(DATASET ENTRIES)

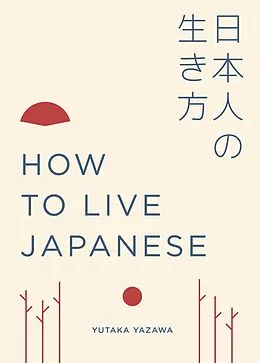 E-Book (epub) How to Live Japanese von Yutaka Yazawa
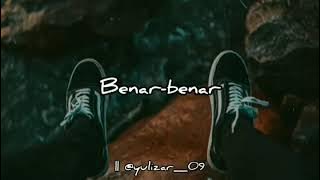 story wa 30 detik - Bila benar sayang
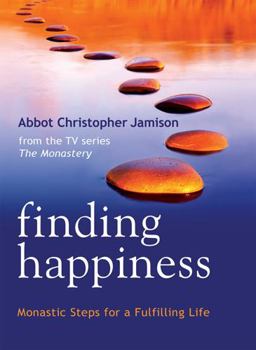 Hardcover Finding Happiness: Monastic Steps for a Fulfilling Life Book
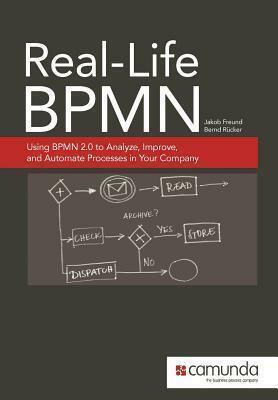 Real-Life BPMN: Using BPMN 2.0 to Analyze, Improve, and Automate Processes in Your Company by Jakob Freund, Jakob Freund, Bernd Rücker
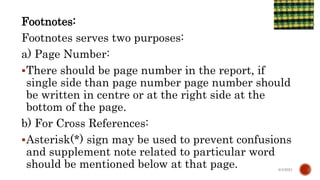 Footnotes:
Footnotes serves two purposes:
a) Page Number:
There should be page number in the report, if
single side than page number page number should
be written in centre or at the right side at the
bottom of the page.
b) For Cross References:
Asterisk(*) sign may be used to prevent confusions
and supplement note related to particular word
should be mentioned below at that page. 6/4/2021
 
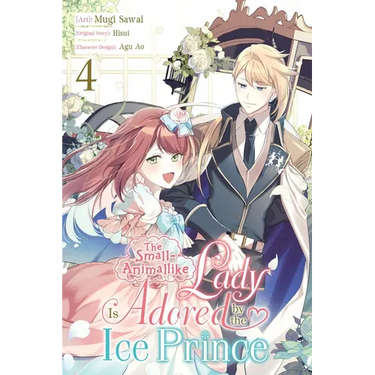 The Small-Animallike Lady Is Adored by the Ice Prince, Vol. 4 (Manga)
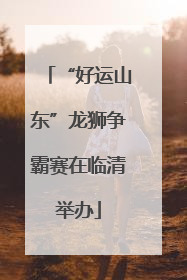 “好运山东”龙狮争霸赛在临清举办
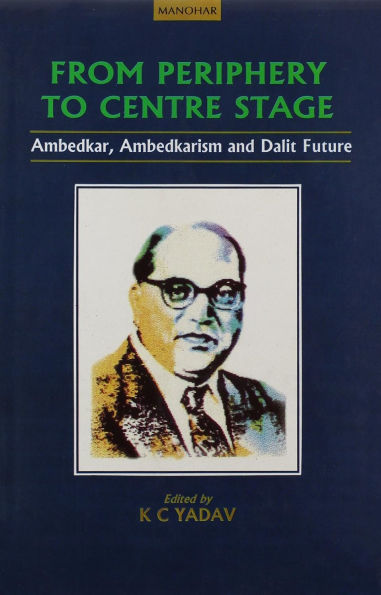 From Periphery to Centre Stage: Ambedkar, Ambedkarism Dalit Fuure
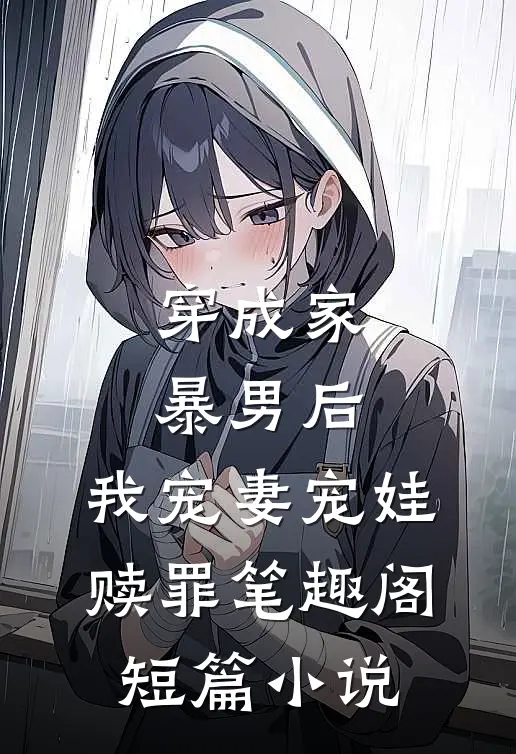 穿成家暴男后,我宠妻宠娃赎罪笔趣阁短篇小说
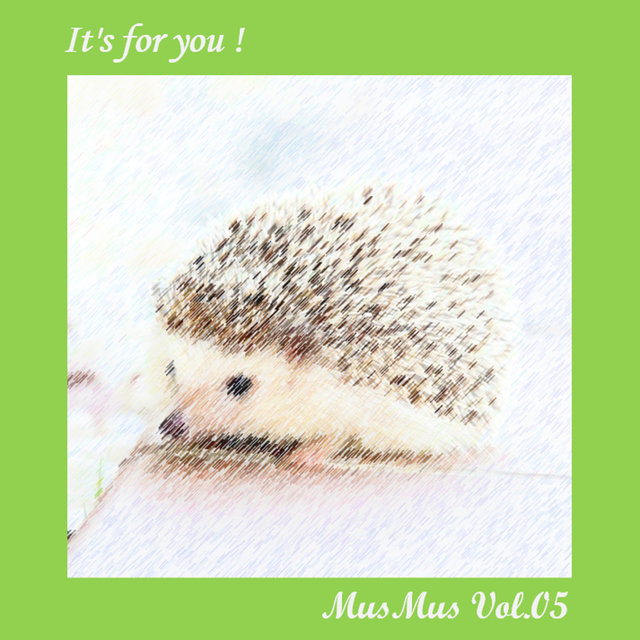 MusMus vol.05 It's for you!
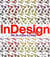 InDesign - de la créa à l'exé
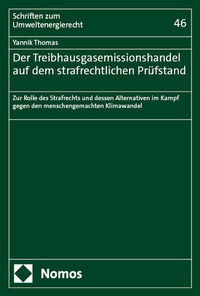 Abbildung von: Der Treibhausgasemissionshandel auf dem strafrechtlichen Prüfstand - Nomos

(End DATASET ENTRIES)
(DATASET ENTRIES)

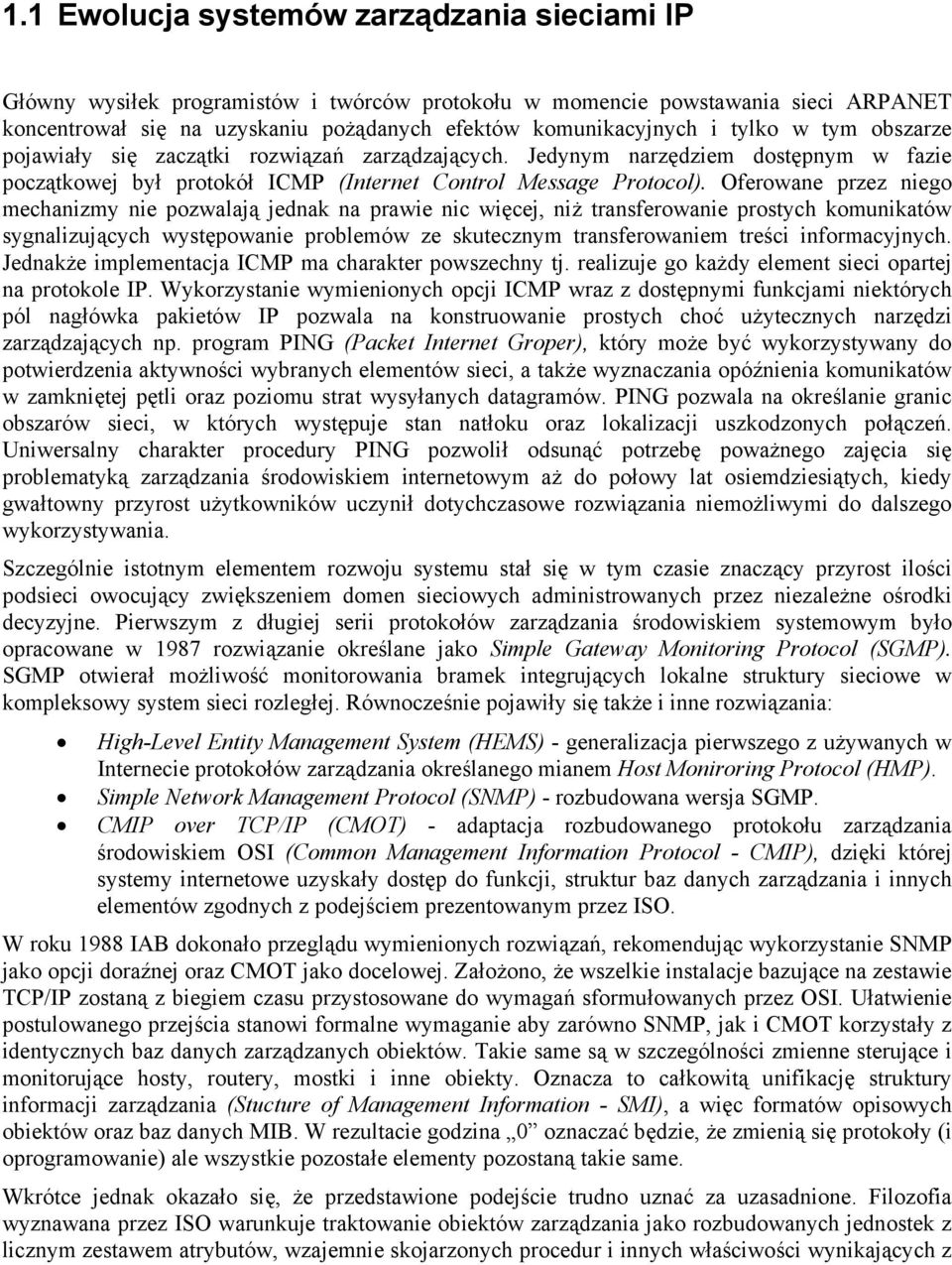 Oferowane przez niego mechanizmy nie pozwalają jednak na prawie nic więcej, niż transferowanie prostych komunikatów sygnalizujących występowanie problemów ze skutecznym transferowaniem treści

(End DATASET ENTRIES)

WHAT THE EXERCISE ASKS
Look above for the line with "InDesign - de la créa à l'exé", then print it and each line after it down to and including the line with "Abbildung von: Der". Leave out the pictures and keep the wording exact.

RESPONSE BELOW
 InDesign - de la créa à l'exé
 Abbildung von: Der Treibhausgasemissionshandel auf dem strafrechtlichen Prüfstand - Nomos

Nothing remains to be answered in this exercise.